Given information:
_ _ _ _ _ _ _
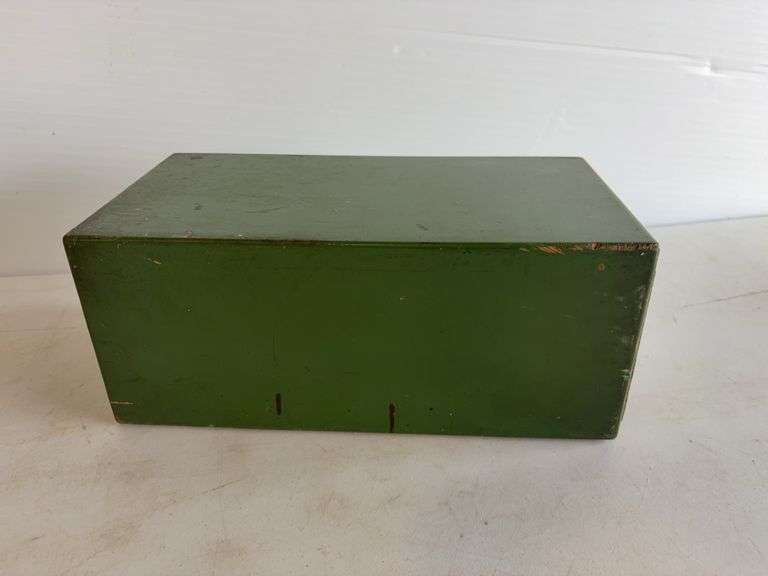 John Deere repairs box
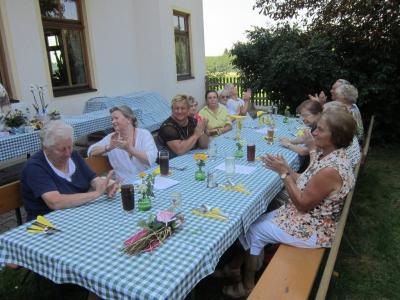 Foto des Albums: 80. Geb.Tag unserer "Oma" Regina Gimpl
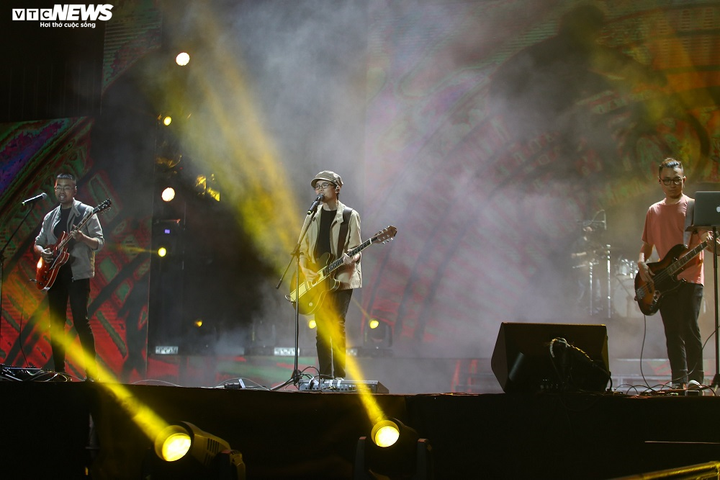 HyunA cực quyến rũ, Monsta X trở lại thiếu hai thành viên vẫn gây bùng nổ - 8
_ _ _ _ _ _ _
Exercise brief: Leaving out the pictures, output each line above exactly as it is.

Your response:
 John Deere repairs box
 Foto des Albums: 80. Geb.Tag unserer "Oma" Regina Gimpl
 HyunA cực quyến rũ, Monsta X trở lại thiếu hai thành viên vẫn gây bùng nổ - 8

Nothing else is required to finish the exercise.